### DATA EXTRACTS
---

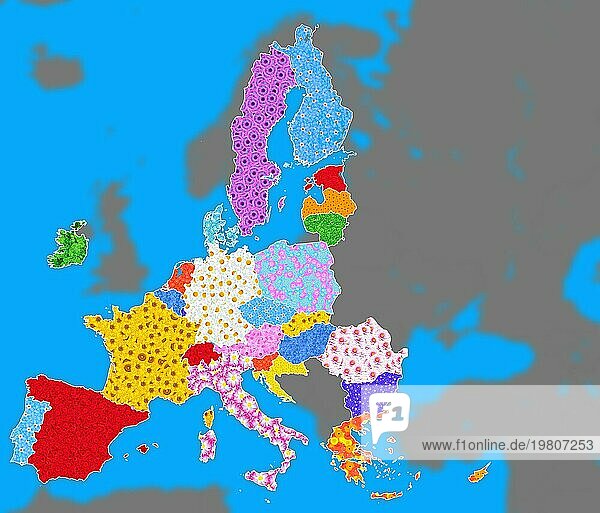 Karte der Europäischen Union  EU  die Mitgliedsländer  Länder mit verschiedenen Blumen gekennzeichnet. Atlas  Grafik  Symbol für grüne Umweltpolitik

---

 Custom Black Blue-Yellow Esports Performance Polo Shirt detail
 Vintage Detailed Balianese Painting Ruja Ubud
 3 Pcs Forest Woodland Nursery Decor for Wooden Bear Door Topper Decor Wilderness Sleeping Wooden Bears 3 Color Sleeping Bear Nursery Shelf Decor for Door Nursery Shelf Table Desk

---

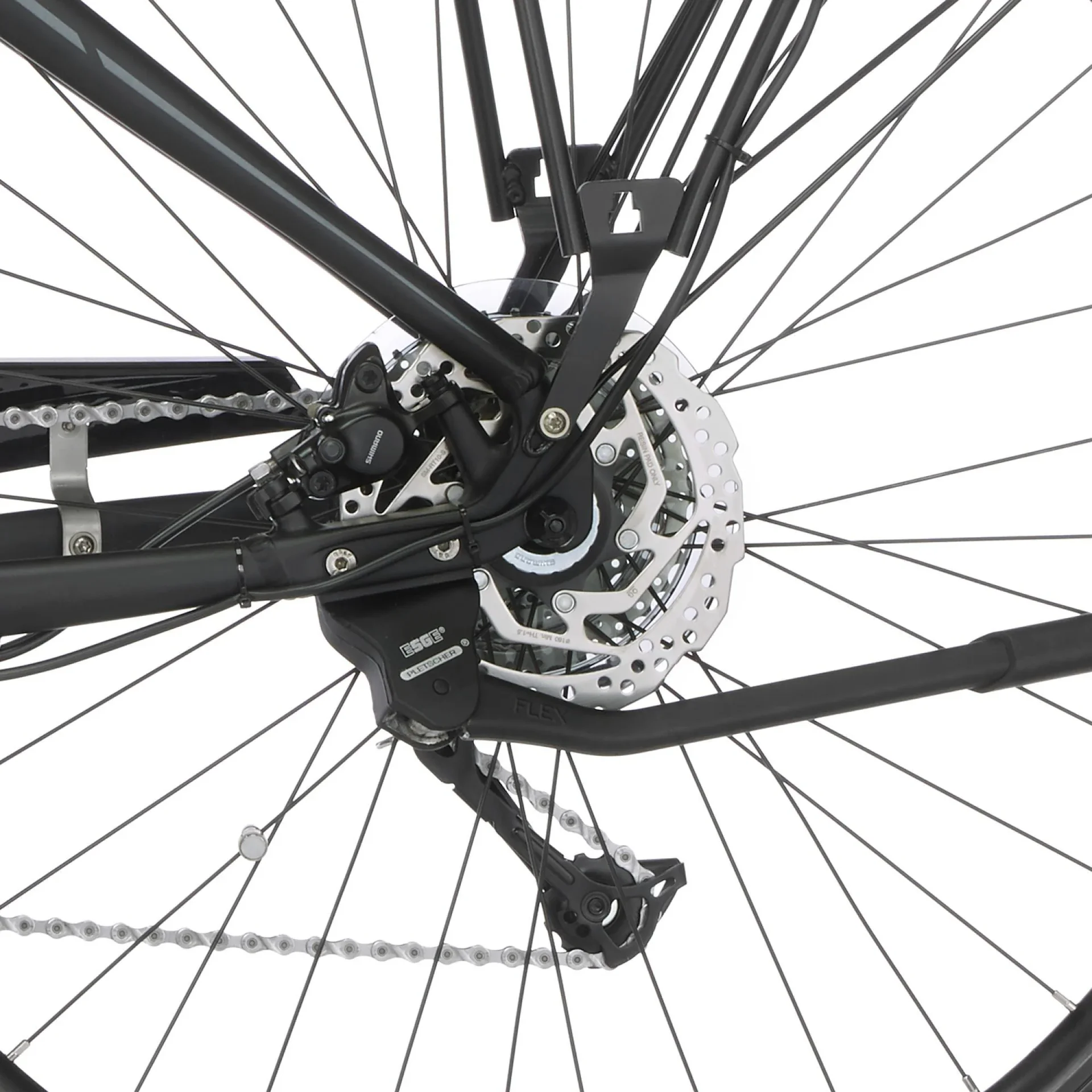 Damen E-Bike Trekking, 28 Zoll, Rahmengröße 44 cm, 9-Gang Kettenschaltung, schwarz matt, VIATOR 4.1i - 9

---

### TASK TO COMPLETE
Within the material above, the line with "Custom Black Blue-Yellow" opens the range and the line with "3 Pcs Forest" closes it; reproduce that range word for word.

### RESULT
 Custom Black Blue-Yellow Esports Performance Polo Shirt detail
 Vintage Detailed Balianese Painting Ruja Ubud
 3 Pcs Forest Woodland Nursery Decor for Wooden Bear Door Topper Decor Wilderness Sleeping Wooden Bears 3 Color Sleeping Bear Nursery Shelf Decor for Door Nursery Shelf Table Desk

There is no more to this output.